◆ To do ◆
Begin at the top of the records below and print each line exactly until the line containing "Spacious Home Offering" has been printed; any pictures are to be left out.
·····
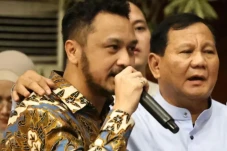 3 Fakta Giring Jadi...
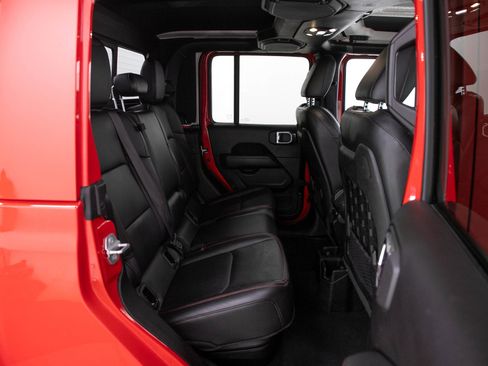 Used 2020 Jeep Gladiator Rubicon AWD/4WD image 12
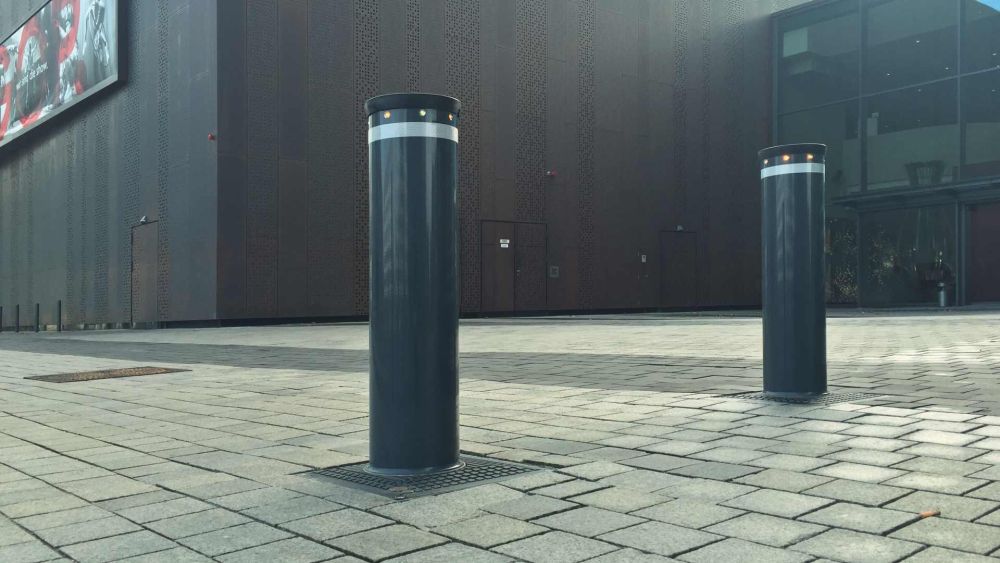 Zwei versenkbare Poller auf einem gepflasterten Weg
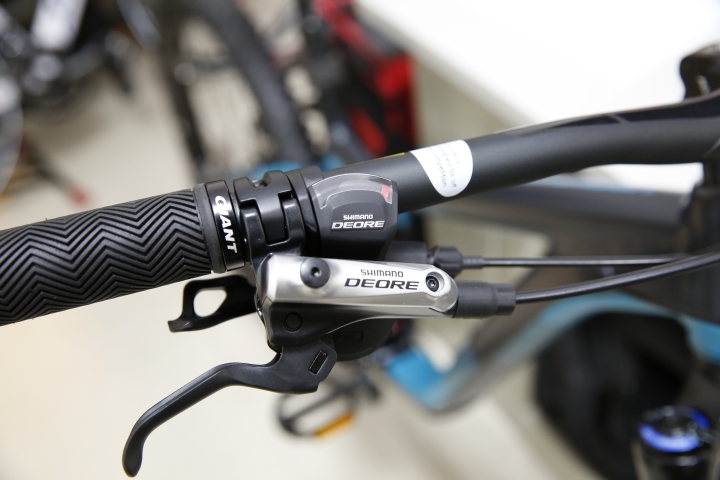 Giant 2015  Reign 27.5 AND FastRoad SLR 2 開箱文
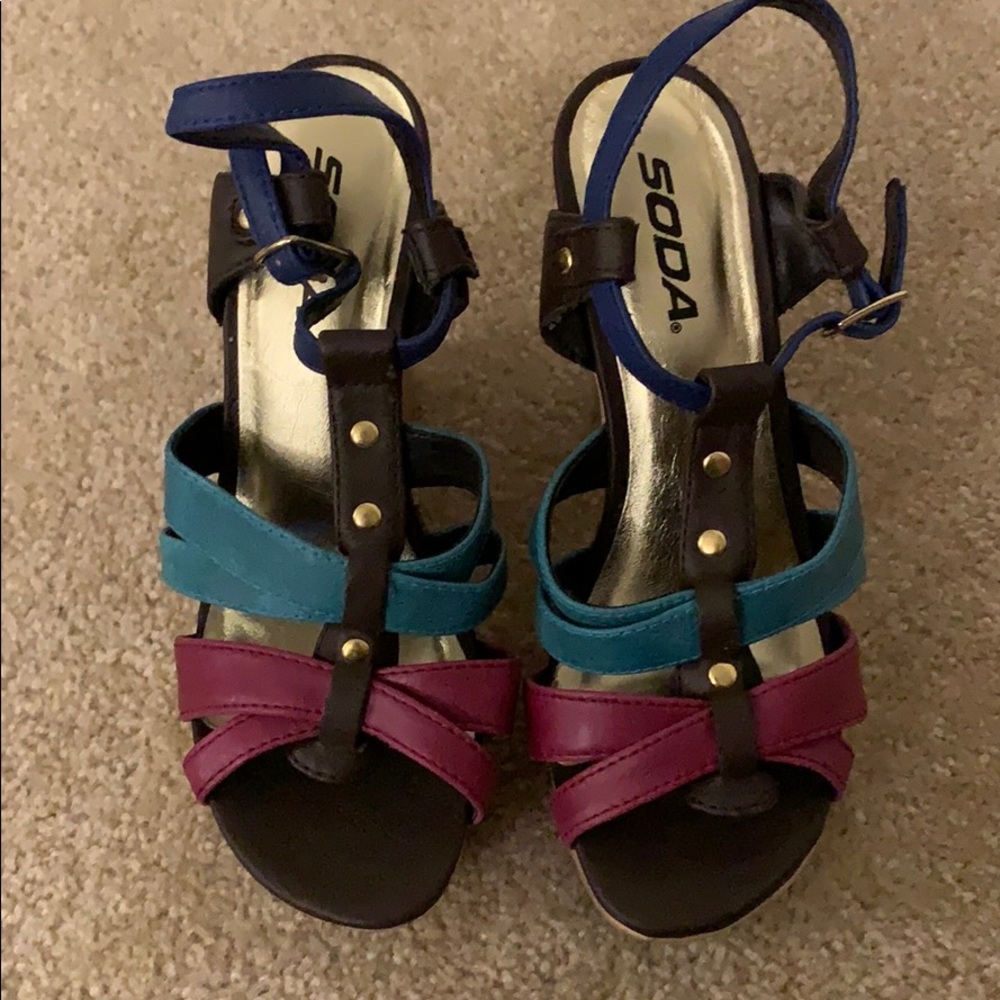 Color strap platforms - Picture 3 of 3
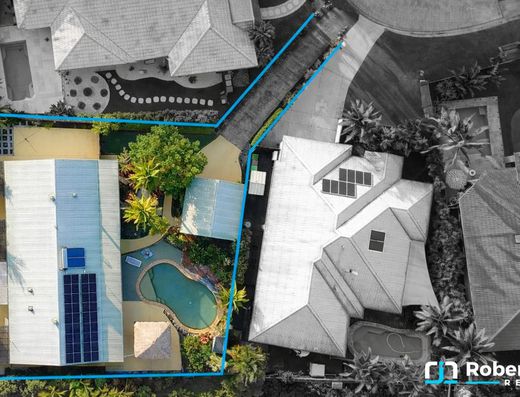 Spacious Home Offering Privacy, Pool & Side Access image 1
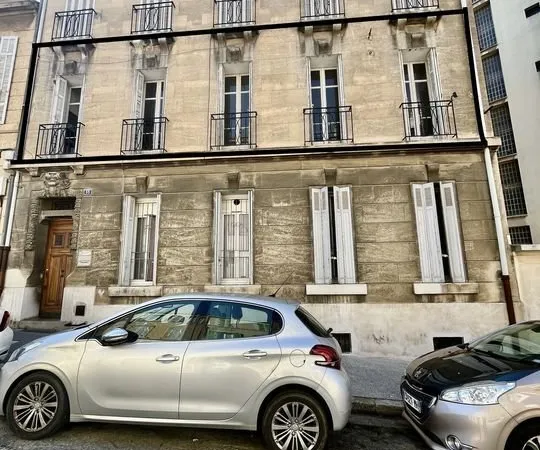 À VENDRE - ÉTAGE COMPLET 120 m² - FORT POTENTIEL - BLANCARDE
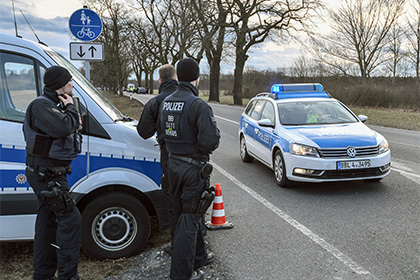 В Германии подозреваемый в убийстве во время погони задавил двух полицейских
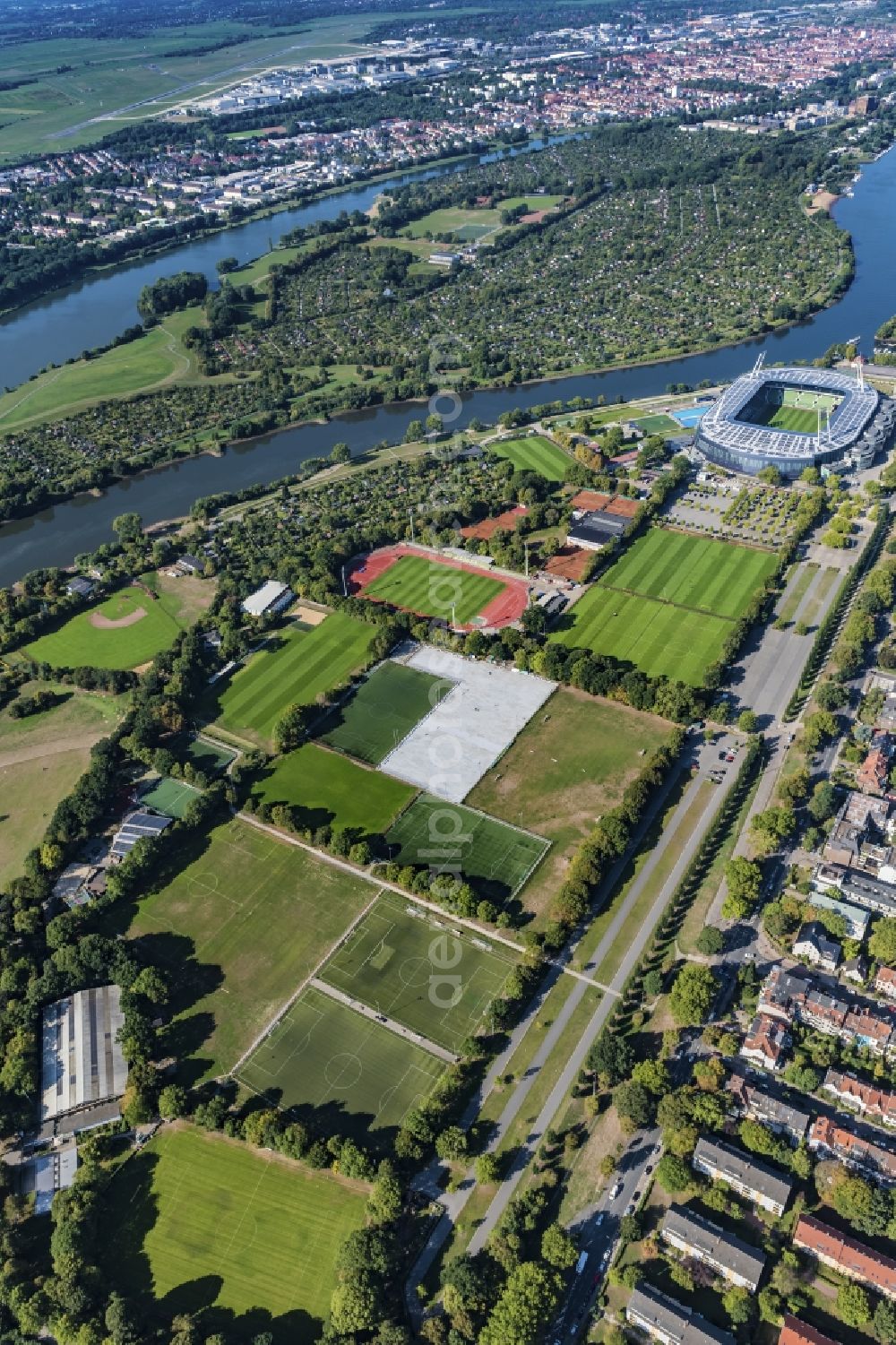 Aerial photograph Bremen - Football stadium of the football club Werder Bremen on Franz-Boehmert-Strasse in the district Peterswerder in Bremen, Germany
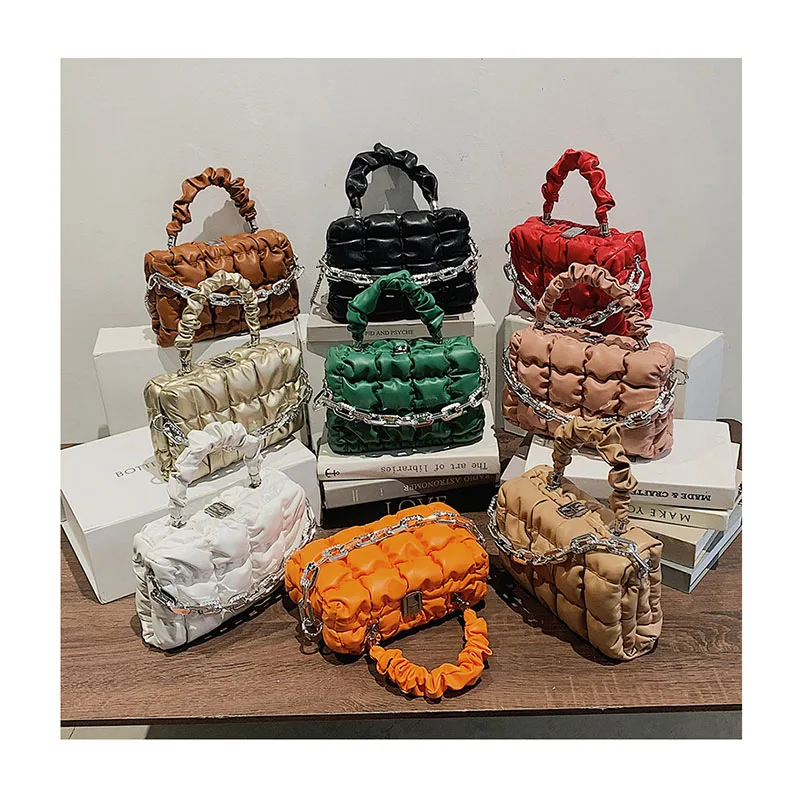 Folds Plaid PU Leather Crossbody Bags Thick Chain Small Tote Clutch Ladies Shoulder Bag for Women Brand Top Handle Handbags
Folds Plaid PU Leather Crossbody Bags Thick Chain Small Tote Clutch Ladies Shoulder Bag for Women Brand Top Handle Handbags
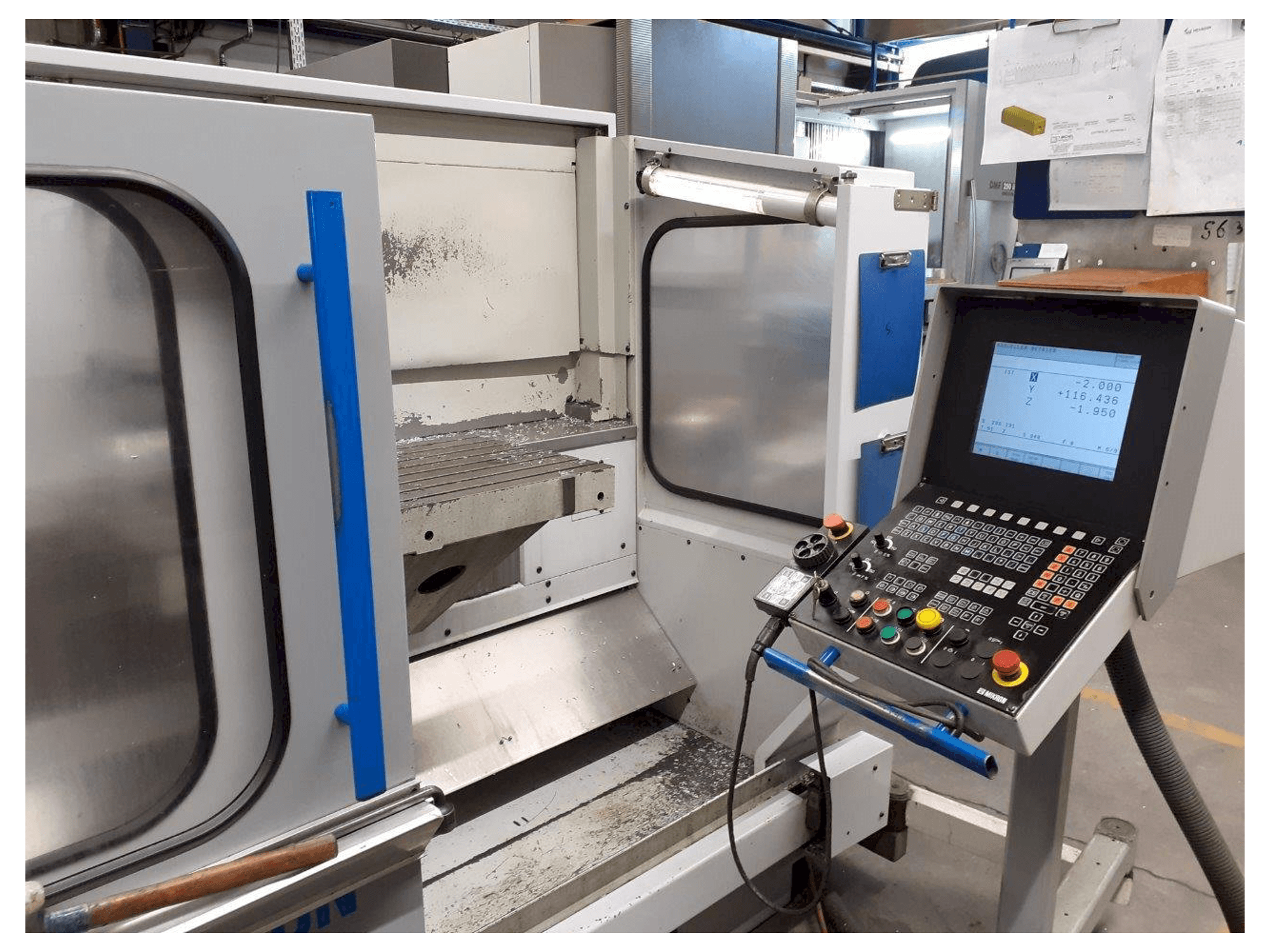 Makine MIKRON UME 600 - Önden görünüm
·····
◆ Completed exercise ◆
 3 Fakta Giring Jadi...
 Used 2020 Jeep Gladiator Rubicon AWD/4WD image 12
 Zwei versenkbare Poller auf einem gepflasterten Weg
 Giant 2015  Reign 27.5 AND FastRoad SLR 2 開箱文
 Color strap platforms - Picture 3 of 3
 Spacious Home Offering Privacy, Pool & Side Access image 1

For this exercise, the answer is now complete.